§ **WHAT IS REQUIRED**
Your answer must be the lines from the one containing "COAT #30 - HERRINGBONE YAK WOOL" through the last line of the records below, copied exactly, with the pictures left out.

§ **MATERIAL PROVIDED**
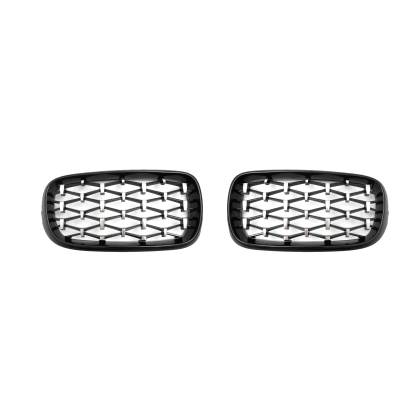 Решетки за BMW X5 F15 / X6 F16 (2013+) - Гланц - Diamond design - хром / черно
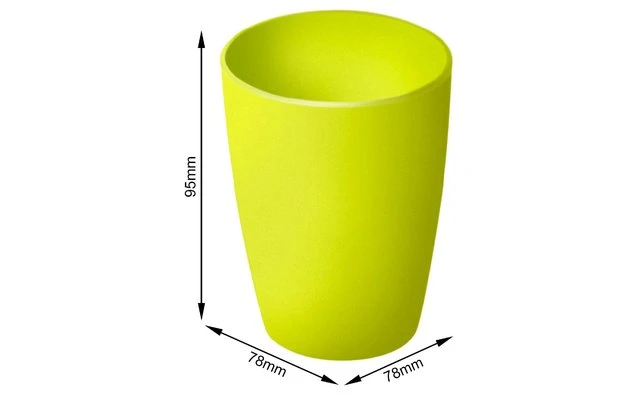 Tazza Da Bere Rotho Caruba 0,25 Litri Verde 4 Tazza Da Bere Rotho Caruba 0,25 Litri Verde - immagine 4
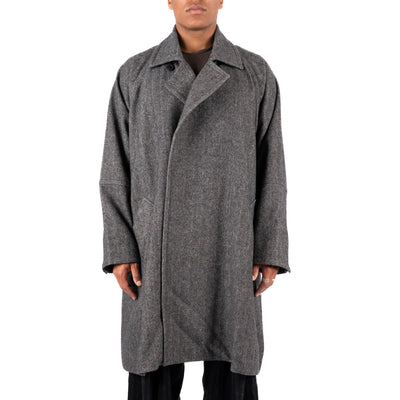 COAT #30 - HERRINGBONE YAK WOOL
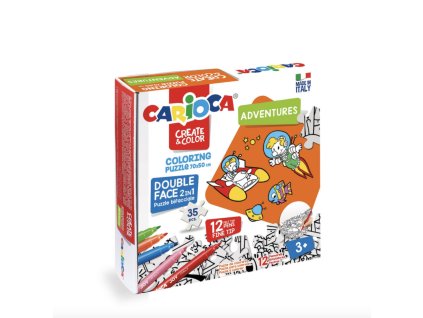 Carioca vybarvovací puzzle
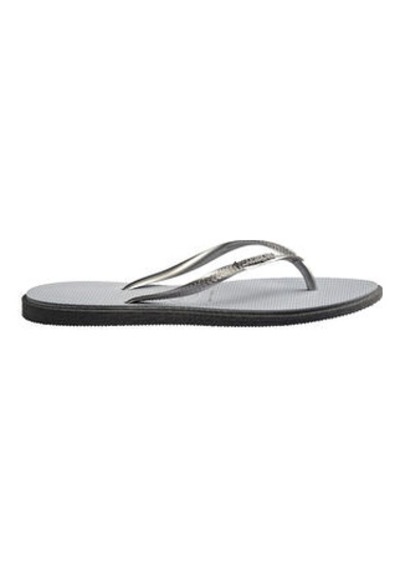 Crocs Havaianas Slim Point Kadın Plaj Terliği 4149584 Gümüş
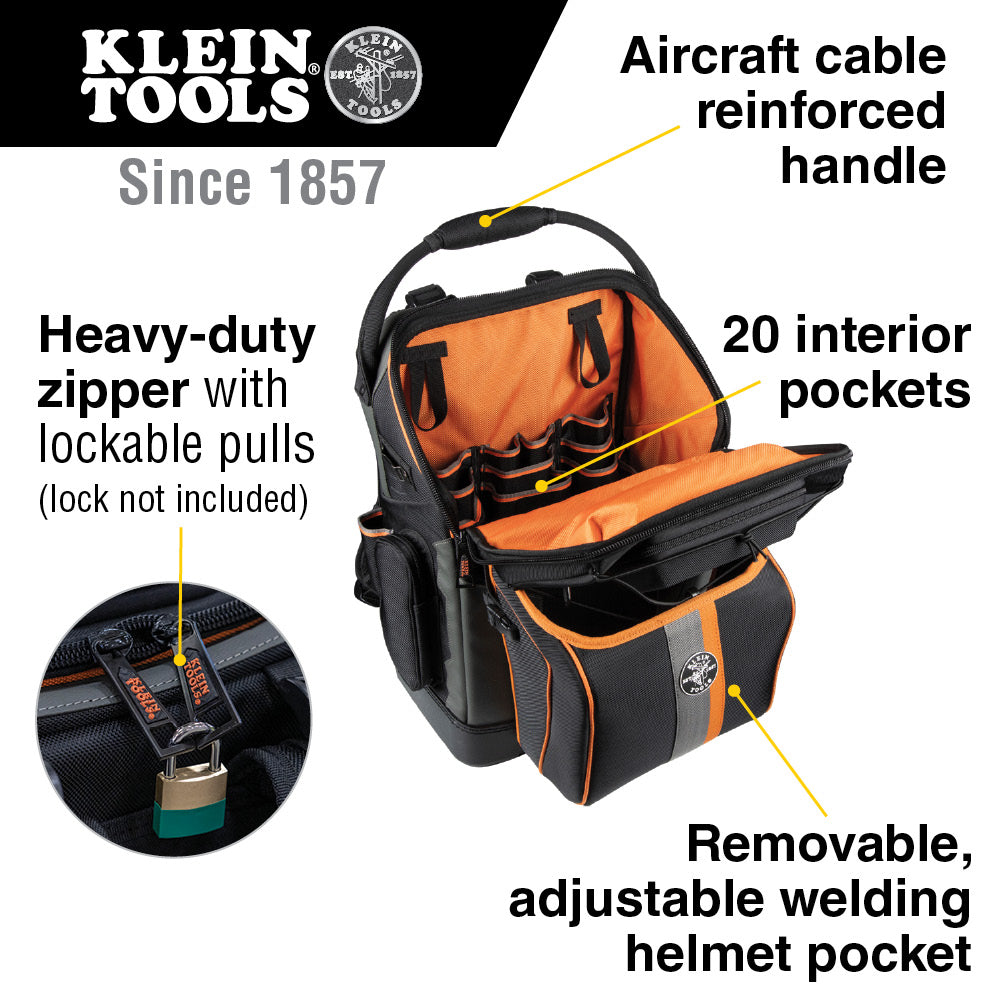Tool Bag Backpack Klein Tools Tradesman Pro™ Ironworker Welder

§ **RESULT OF THIS TASK**
 COAT #30 - HERRINGBONE YAK WOOL
 Carioca vybarvovací puzzle
 Crocs Havaianas Slim Point Kadın Plaj Terliği 4149584 Gümüş
Tool Bag Backpack Klein Tools Tradesman Pro™ Ironworker Welder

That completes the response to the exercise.